#### WORK ORDER:
Print exactly the lines below between the line containing "Coastal Stripe Cotton" and the line containing "Jardin Del Retiro", counting both of those lines. Leave pictures out.

BEGIN TASK MATERIAL

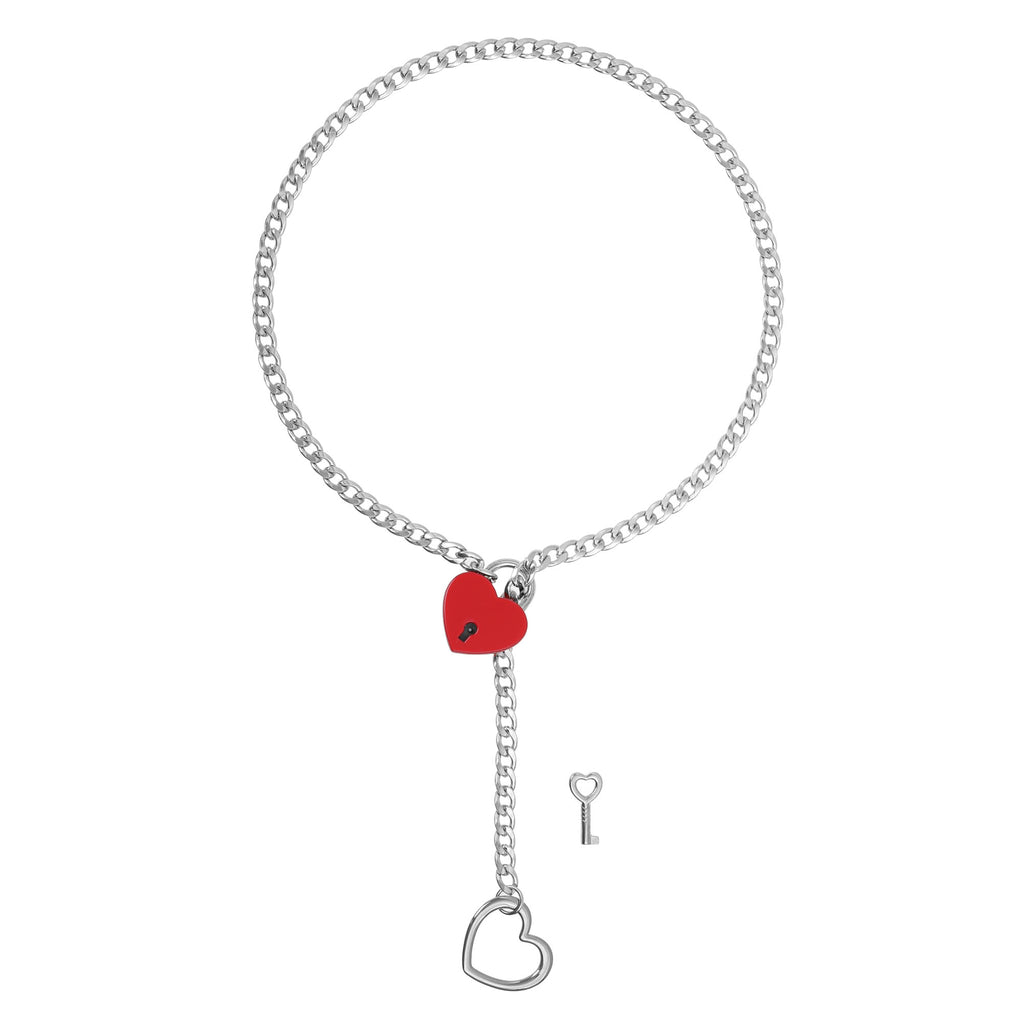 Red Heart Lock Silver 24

END TASK MATERIAL
BEGIN TASK MATERIAL

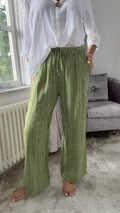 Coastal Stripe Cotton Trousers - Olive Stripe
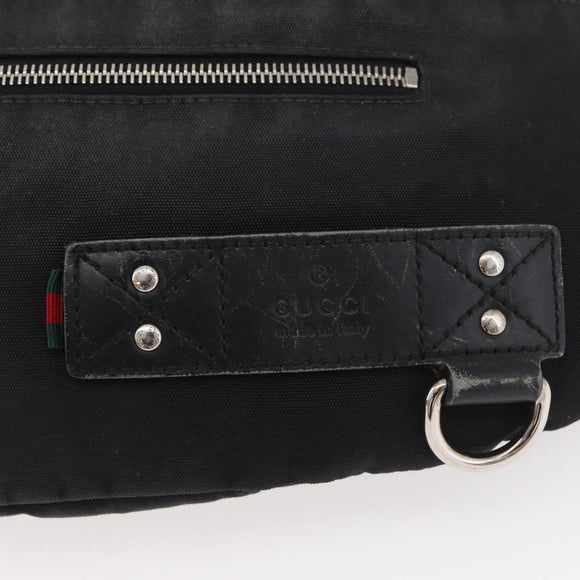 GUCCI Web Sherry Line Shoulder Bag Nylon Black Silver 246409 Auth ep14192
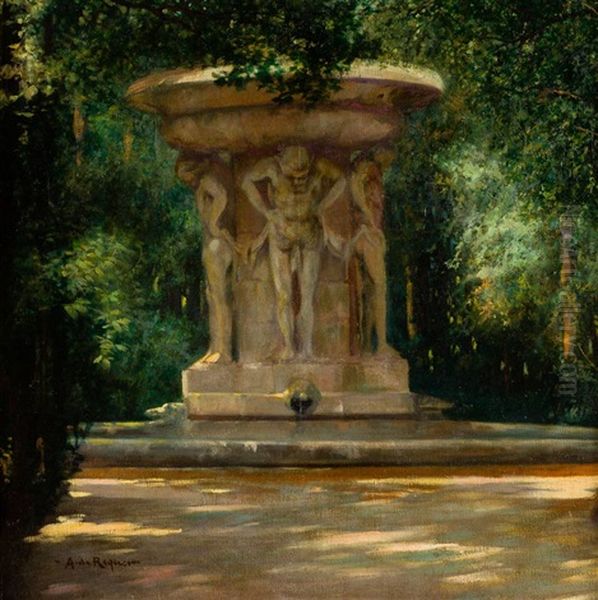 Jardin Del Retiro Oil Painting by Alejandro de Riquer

END TASK MATERIAL
BEGIN TASK MATERIAL

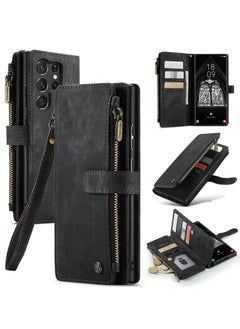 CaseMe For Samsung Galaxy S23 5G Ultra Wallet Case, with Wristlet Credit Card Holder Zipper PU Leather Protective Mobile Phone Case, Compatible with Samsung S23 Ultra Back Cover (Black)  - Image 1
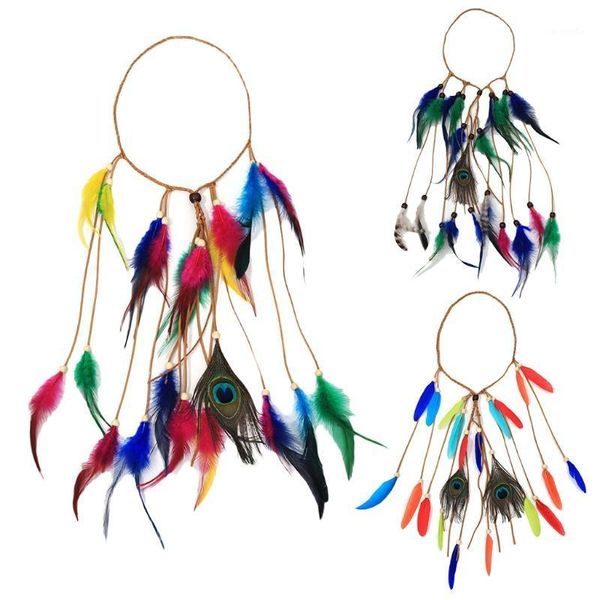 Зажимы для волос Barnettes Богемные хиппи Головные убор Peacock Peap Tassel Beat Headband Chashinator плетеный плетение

END TASK MATERIAL

#### ANSWER TO THE PROBLEM:
 Coastal Stripe Cotton Trousers - Olive Stripe
 GUCCI Web Sherry Line Shoulder Bag Nylon Black Silver 246409 Auth ep14192
 Jardin Del Retiro Oil Painting by Alejandro de Riquer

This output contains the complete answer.